Five others were described as stable but, to the astonishment of military observers, three men were able to walk almost unaided from the wreckage. An army source said: “Looking at the wreckage it is remarkable that anyone was able to crawl out alive.”
The Puma, which was from 33 Squadron, based at RAF Benson in Oxfordshire, broke up into three parts as it crashed into scrub on Hudswell Moor, near to disused farm buildings.
Andrew Pavey, 39, a coach driver from Colburn, near Catterick, watched as the Puma pitched at a 90-degree angle then “went down to the ground”. He said: “The helicopter was making an unusual engine noise, as if misfiring, just before it crashed. It had suddenly shot up out of the woods, straight up in the air, then it went on its side and disappeared behind the trees. There was no explosion or flames.”

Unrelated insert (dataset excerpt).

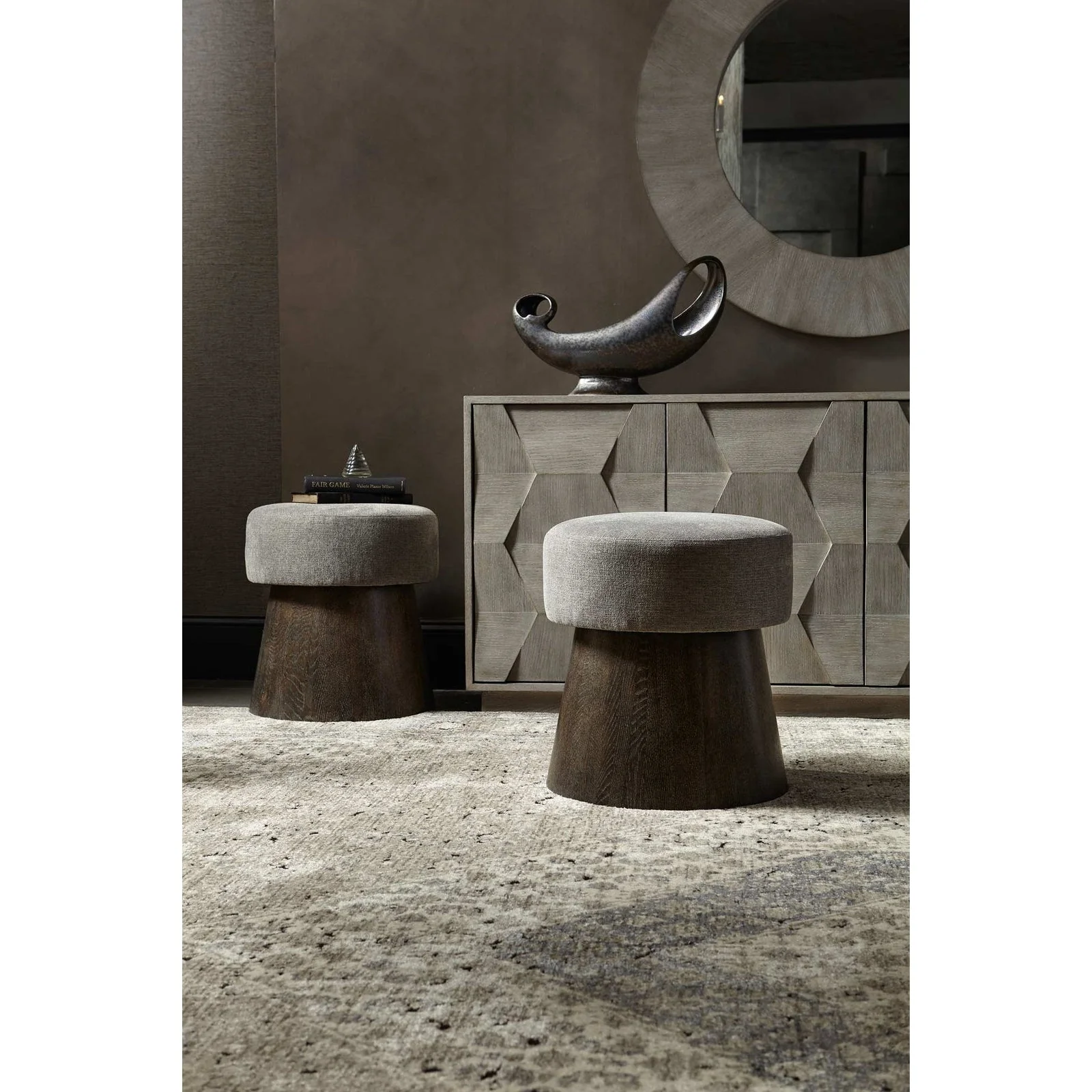 Bernhardt Linea Buffet 134G Y25 - Image 5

It was the twelfth Puma to be lost through an accident since 1990, raising concerns over the transport helicopter’s serviceability.
But the Ministry of Defence said there were no plans to ground the RAF’s other 32 Pumas, some of which are deployed in Iraq. Four months ago two Pumas were involved in a mid-air collision in Iraq, in which two soldiers were killed.
The Puma first entered service in 1971, but the MoD plans to keep it for another 15 years and give it a complete upgrade.